The U.S. hog herd rose 2.4 percent from 2015 to nearly 71 million head as of Sept. 1, according to a U.S. Department of Agriculture report released on Sept. 30. This is the highest ever on record for the month.
The market is saturated and slaughterhouses don’t have enough capacity to handle the increased numbers of pigs, according to PORK Network.
The pork supply glut is driving wholesale prices on hams, pork bellies, ribs and pork loins to the lowest prices since 2009, according to Bloomberg. Grocery store prices are also falling, benefiting consumers.
But the increased numbers mean slaughterhouses are over capacity. They are having to add shifts and operate on Saturdays in November and December to process them all, Will Sawyer, an Atlanta-based vice president for Rabobank International, told Bloomberg.
A factor driving the oversupply is an increase in the number of pigs farrowed per sow, according to Jim Robb, director of Livestock Marketing Information Center in Denver, Colo.
“The report indicates an average of 10.58 pigs farrowed per sow, and formerly we were at 10.49 pigs farrowed per litter. It doesn’t sound like a lot of difference, but it’s significant,” Robb told PORK Network.
Hog futures reflect the oversupply of hogs.
“Cash prices have been down almost every day since July, and that trend is probably going to continue,” Bob Brown, a meat industry consultant from Edmond, Okla., said in a teleconference sponsored by the National Pork Board immediately following the report. “The issue we’re seeing is that we’re bumping against slaughter capacity, which is driving prices down. He has averages for the rest of the year at $53, with an improvement in the first quarter of 2017 to $65.”
Chinese pork export demand has fallen significantly since May, according to Bloomberg. USDA data shows April exports exceeded 5,000 metric tons, but they fell below 1,000 tons in mid-September. China is the world’s largest pork-consuming nation.
USDA forecast a drop of as much as 5.5 percent for 2016 pork prices from last year.
Although prices are low, pork packers are still making profits because of high margins, according to Bloomberg. Margins are the highest they’ve been in three years at $52.20 a head, according to HedgersEdge data.

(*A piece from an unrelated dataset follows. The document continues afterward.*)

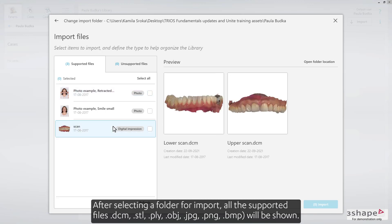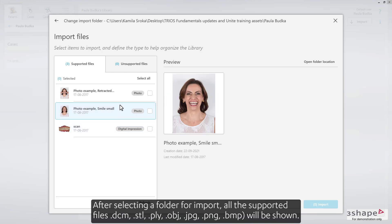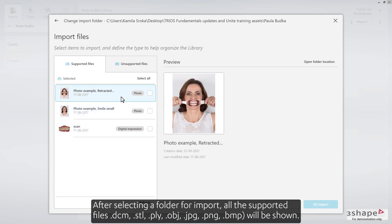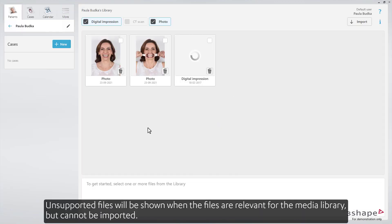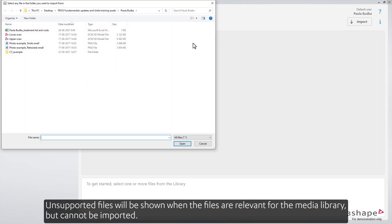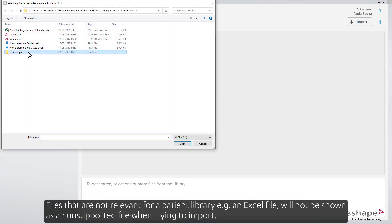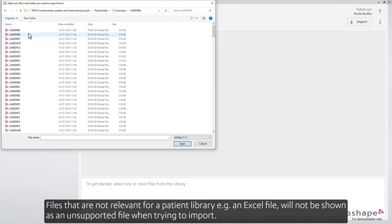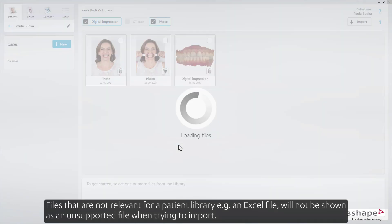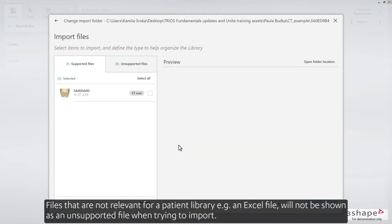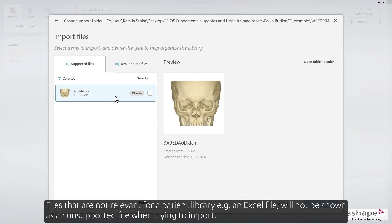After selecting a folder for import, all the supported files — DCM, STL, PLY, OBJ, JPG, PNG, and BMP — will be shown. Unsupported files will be shown when the files are relevant for the media library but cannot be imported. Files that are not relevant for a patient library, for example an Excel file, will not be shown as an unsupported file when trying to import.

Those returns signal demand from the processors could help stabilize prices for hogs, Chad Henderson, president of Prime Agricultural Consultants Inc. told Bloomberg.
“It’s going to be a very difficult period of three or four months,” Brown told PORK Network. “We won’t back off capacity issues until January 2017. Producers just need to batten down the hatches and do the best they can.”